Today’s episode in the comic strip Pearls before Swine continues the story of Pig’s campaign to be elected Village Idiot. A neighbor nominated him for this office. Pig was deeply flattered and looked ahead to the election. But a rival emerged in the person of Larry the Croc who, with his family’s encouragement, put himself forward as a candidate. When asked in today’s episode how his campaign against Larry for Village Idiot is going, Pig says “Not good. But then we heard Facebook will run political ads even if they’re not true. So we started running ads about him.” “What are you saying?” asks Rat, and the Pig replies “Larry can read.” The Rat observes “That’s defamatory,” and the Pig explains “We think it will ruin him.” As so often, today’s Pearls before Swine portrays America in a microcosm.

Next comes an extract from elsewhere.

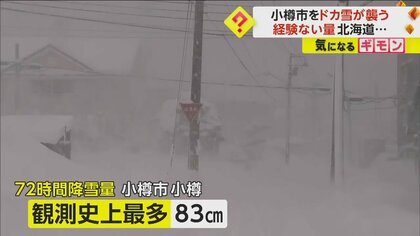 雪降る日 Warning] What I felt while driving a Land Cruiser 250 in a
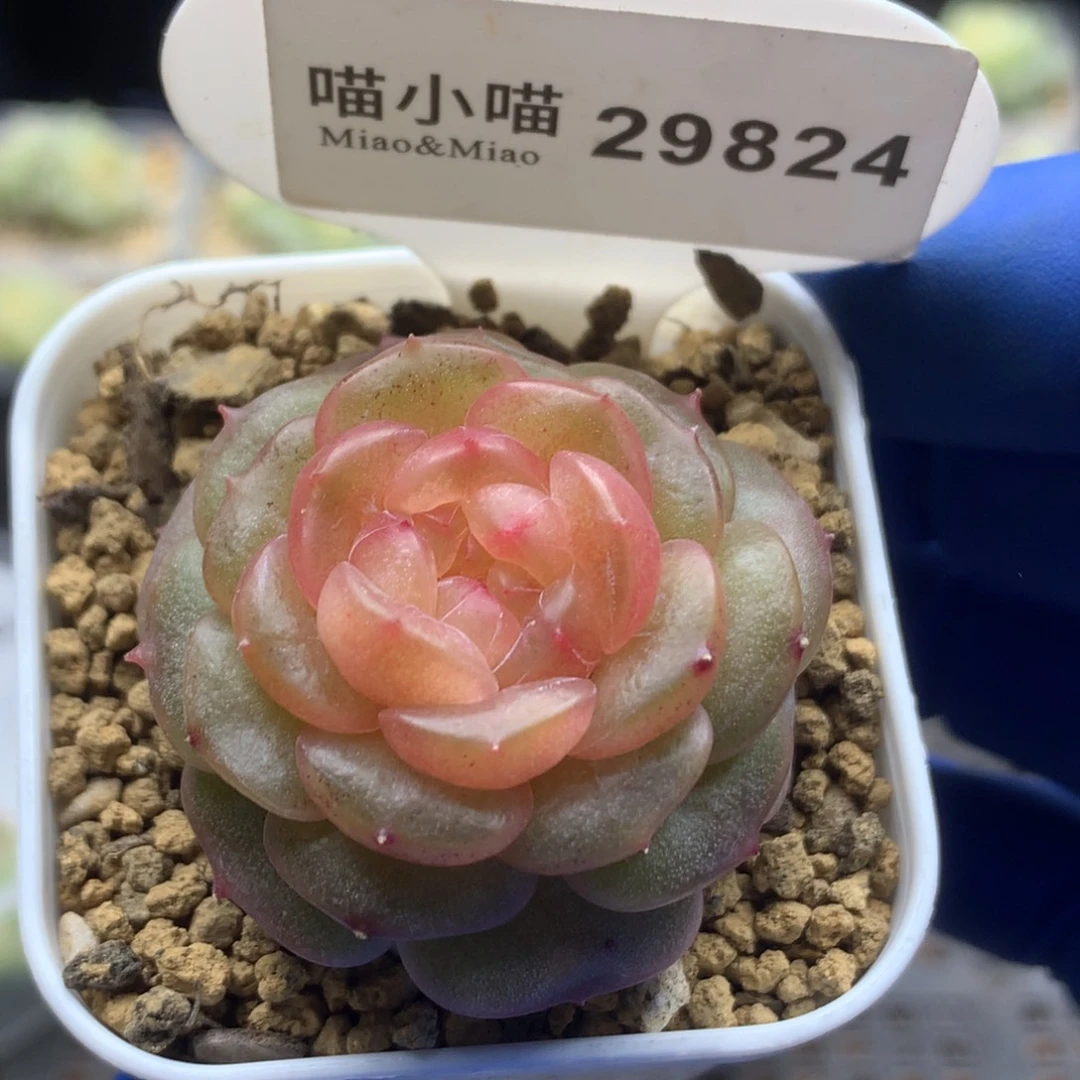 多肉植物杂交珍妮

I have always thought that the election of Donald Trump exposed the failure of public education in the United States. Successful democracy requires informed and thoughtful voters, but we have learned from the election and the continuing cult of the satanic Trump that a large part of our population have not passed out of middle school. Yes, maybe at one time they were able to read, but, finding that burdensome, they’ve turned to commercial and right-wing media with its unrelenting propaganda. Of course, their education gave them no capacity for critical thought, so they are unable to see how they are manipulated and abused by the forces of plutocracy. Thought involves some effort, but these are like the sort A.E. Housman once described, when he wrote
Ale, man, ale’s the stuff to drink
for fellows whom it hurts to think.
The peril of this condition has been made even more obvious by the reaction of these people to COVID19. Guided by their Great Leader, they rejoice in refusing to cooperate with the efforts of the medical community to keep the virus in check. For fear that the solitude and calm caused by the pandemic might give them an inkling of the extent of their folly, they insist on their delusional “rights,” the right to have fun, the right to crowd together and stroke one another’s egos, the right to show that they are tough and indifferent to prudence and truth. So, thanks to these childish and reckless citizens, the virus rages on and on. Under these circumstances, what claim has America to any greatness, how can America be regarded as anything but pathetic.